Symantec To Snap Up WholeSecurity
Symantec plans to buy WholeSecurity, a privately held firm that specializes in identifying viruses, worms and other malware by their behavior.
The purchase, announced Thursday, will help Symantec expand its arsenal of tools to fight changing threats by looking for signs of suspicious behavior as well as the traditional method of checking files against a list, or signatures, of known threats.
"It complements what we already have in our portfolio and makes it so we don't have to provide signatures to this technology," said Enrique Salem, senior vice president of Symantec Security Products and Solutions.
Financial terms of the deal, which is expected to close in October, were not released. Austin, Texas-based WholeSecurity has about 60 employees, and Symantec said it plans to retain as many of them as possible.
Once the acquisition closes, Symantec plans to offer standalone products with WholeSecurity's technology as well as incorporate it into Symantec security software suites.

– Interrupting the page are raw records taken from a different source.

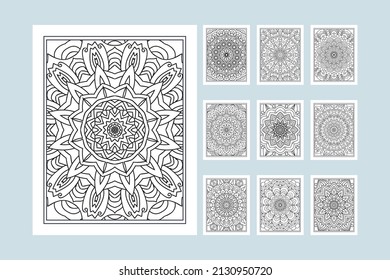 Flower mandala pattern bundle for coloring pages interior. Mandala decoration ornament bundle line art vector. Coloring page for kids. Traditional Indian style mandala ornament set.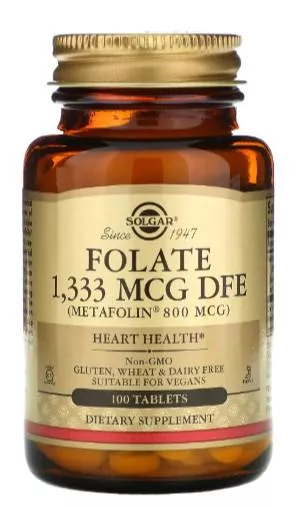 Solgar Folate Folic Acid 800mcg 250 tab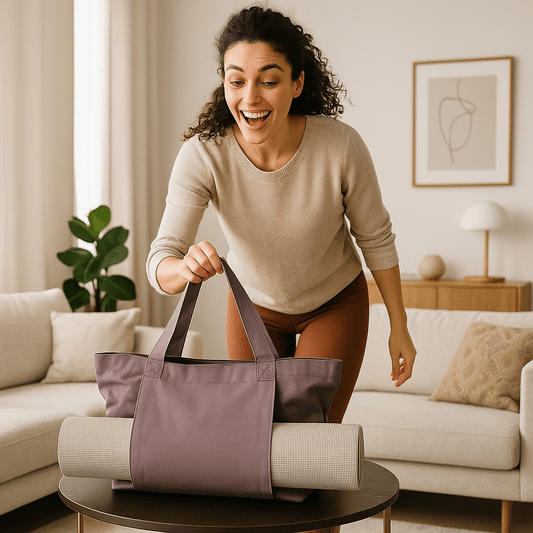 sac tapis yoga femme partant a sa seance dans son salon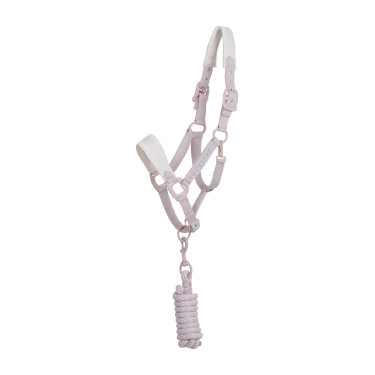 Licol technique avec double réglage et boucles revêtues de caoutchouc Equestro Violet feutré / blanc sable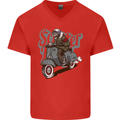 Scooter Skull Motorcycle MOD Biker Mens V-Neck Cotton T-Shirt Red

WholeSecurity's technology also can be used to defend against attacks before signatures can be released.
"A lot of the new attacks are targeted at individuals or corporations, and so the notion of trying to write a signature for each one of these attacks doesn't make sense any more," Salem said.

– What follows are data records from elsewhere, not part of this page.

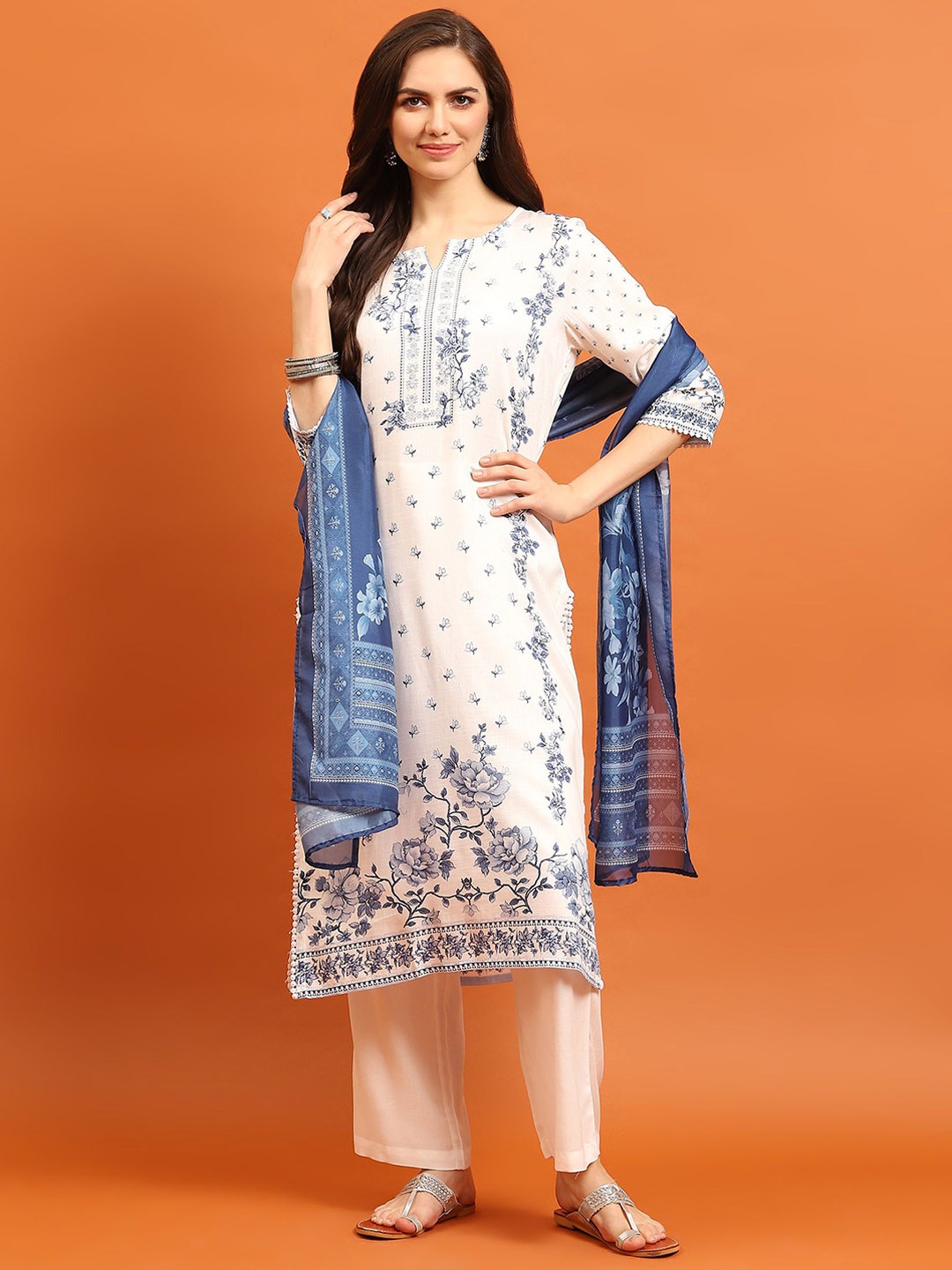 

Shree Floral Printed Sequinned Straight Kurta with Trousers & Dupatta, White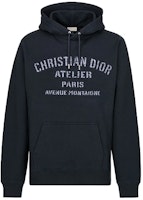 DIOR Letter Print Navy Blue Drawstring Hooded Sweatshirt 043J646A0531-C589 DIOR Letter Print Navy Blue Drawstring Hooded Sweatshirt 043J646A0531-C589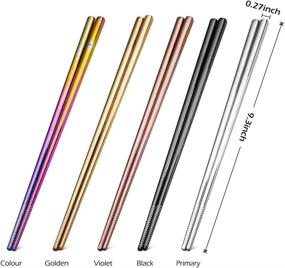 img 3 attached to SFOPORD Stainless Steel Metal Chopsticks: 5-Pairs Multicolor Rainbow Set, Non-Slip, Dishwasher-safe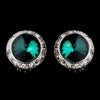 Silver Teal Round Rhinestone Rondelle Stud Bridal Wedding Earrings 9932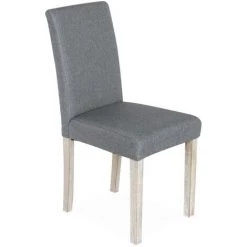 ALICE'S GARDEN Lot De 2 Chaises - Rita - Chaises En Tissu, Pieds En Bois Cérusé - Gris Clair -banc et tabouret Soldes Boutique 30772411 4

JT Keating, WholeSecurity's vice president of marketing, said there's very little performance impact from the behavior-based detection of threats. Instead of scanning files, it monitors processes of programs running on a computer.
"We can scan a computer in a matter of seconds rather than minutes," he said. "My personal belief is it will change the landscape for what it means to have end-point security."
The acquisition was announced after the financial markets closed. Shares of Cupertino, Calif.-based Symantec closed at $21.19, down 13 cents, in Thursday trading on the Nasdaq Stock Market.